:: Task inputs

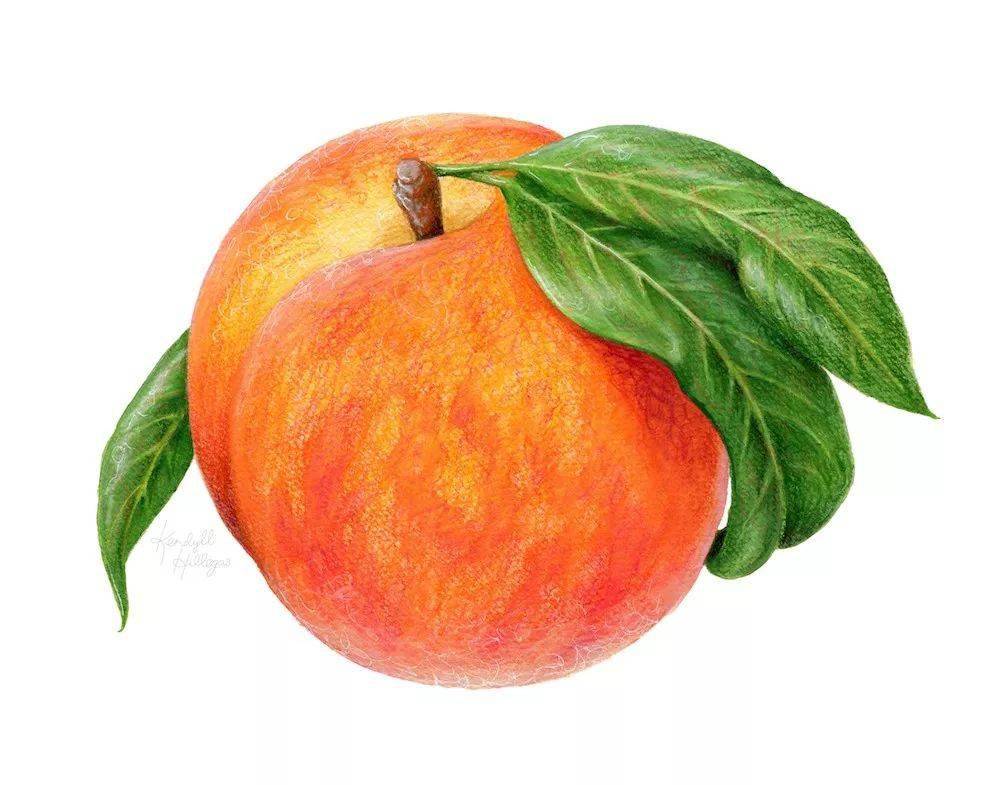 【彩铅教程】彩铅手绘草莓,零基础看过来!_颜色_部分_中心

::::
:: Task inputs

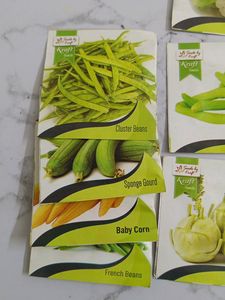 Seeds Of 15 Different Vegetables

::::
:: Task inputs

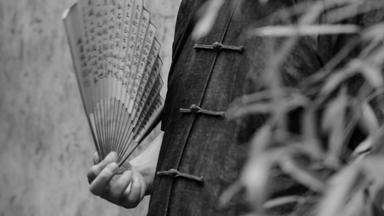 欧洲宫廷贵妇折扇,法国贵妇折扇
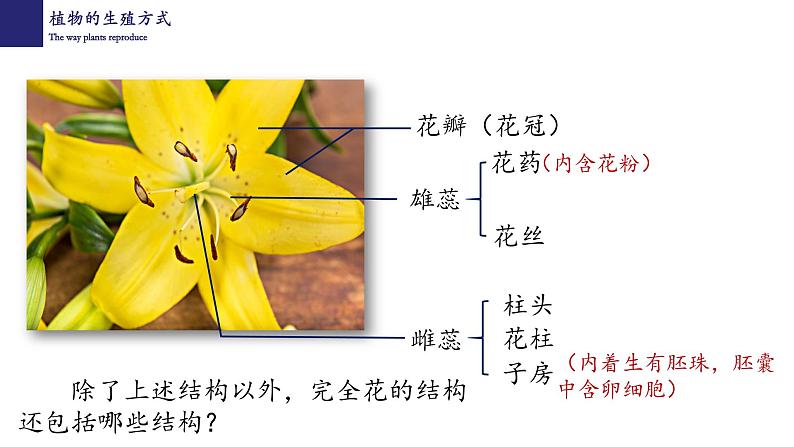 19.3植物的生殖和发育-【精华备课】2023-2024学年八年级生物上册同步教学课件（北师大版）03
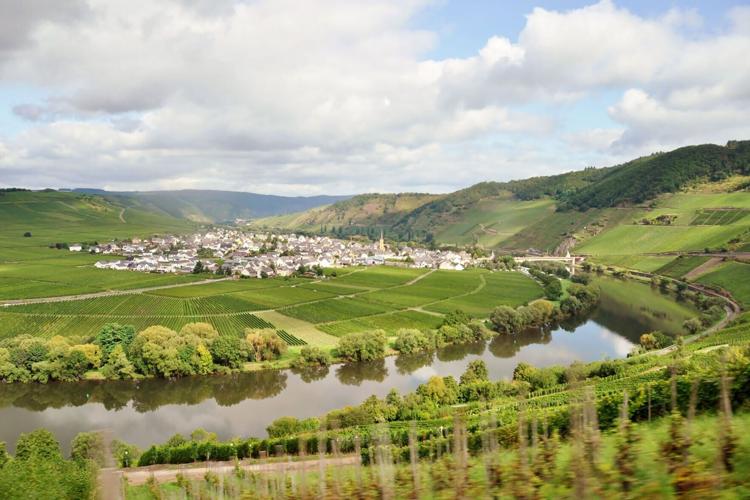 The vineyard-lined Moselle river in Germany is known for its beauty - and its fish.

::::

#### [Exercise]
Please repeat, exactly as written, the lines in the records above, starting with the one that has "19.3植物的生殖和发育-【" and going on through the one that has "The vineyard-lined Moselle". Pictures are to be left out.

#### [Completed exercise]
 19.3植物的生殖和发育-【精华备课】2023-2024学年八年级生物上册同步教学课件（北师大版）03
 The vineyard-lined Moselle river in Germany is known for its beauty - and its fish.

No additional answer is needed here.